На втором складе все уже обстояло иначе. Готовую продукцию Калина потребовал принимать как положено, взвешивая на электронных весах с точностью до грамма. Но здесь обнаружились другие непредвиденные обстоятельства. Холод и сырость буквально через час вывели из строя обоих рядовых членов комиссии. Женщины замёрзли, и болезненная бухгалтерша стала поминутно сморкаться в платок. Они потребовали перерыва и горячего чая, что и было организовано в кабинете Калины. Но после чая женщины наотрез отказались вновь идти в этот, по словам Кондратьевой, "мышиный склеп". Не захотел больше присутствовать при передаче и сам Калина.
– Что хочешь делай, крутись как хочешь, но чтобы сегодня до конца дня всё принял. Завтра ты должен уже работать, – буквально приказал он Пашкову.
Не хотел Пашков принимать и второй склад "впопыхах"… но делать было нечего. Где-то пятым чувством, нутром он чуял, что должность на которую он идёт при умелом лавировании, может стать для него "золотым дном". Пашков ещё не представлял, как будет осуществлять это лавирование. Он попытался разговорить свою предшественницу, и та, оставшись с ним наедине, уже не маскировала своего отношение к Калине:
– Пришёл гад, всё тут перевернул… деляга!..
Что именно перевернул Калина, она не пояснила, зато зло спросила Пашкова:
– Неужто во всей Москве вы не нашли другой работы, чем в этой грязи ковыряться?

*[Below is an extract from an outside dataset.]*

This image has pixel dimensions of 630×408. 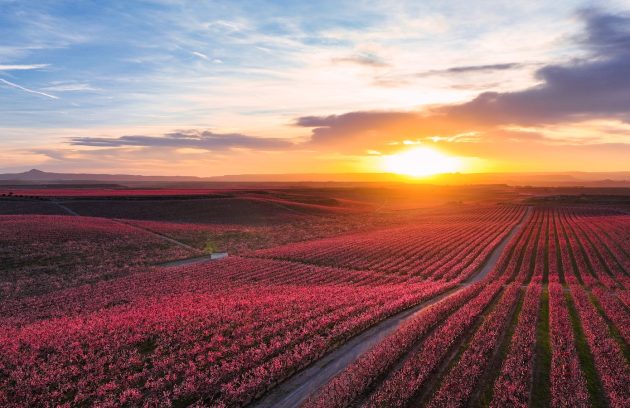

Сказала так, что Пашков уже не сомневался в своих догадках.
Дабы не раздражать шефа, Пашков принял всё в один день, хоть и понимал, что поступает опрометчиво. На складе наблюдался очевидный бардак, учёт готовой продукции, и особенно сырья производился поверхностно, большинство цифр приблизительны. Но в то же время он чувствовал, что это же можно обратить в свою пользу, если в, пока малопонятное ему, дело по настоящему "врубиться", чего его предшественница, похоже, так и не сумела сделать, да скорее всего и не могла. Не могла потому, что тут всё надо перебрать собственными руками, отделить в этом радиотехническом хламе "зёрна от шелухи". Действительно, не женское это дело.
Дома Настя после отчёта мужа о приёме склада, опять было запричитала, но Пашков на этот раз довольно резко её пресёк:
– Всё, поезд ушёл. Теперь надо работать, чтобы не стало нам горько и больно. Если я в Красной Армии ничего не добился, это вовсе не значит, что я также лохонусь на этом складе. Для той и этой деятельности совсем разные качества нужны…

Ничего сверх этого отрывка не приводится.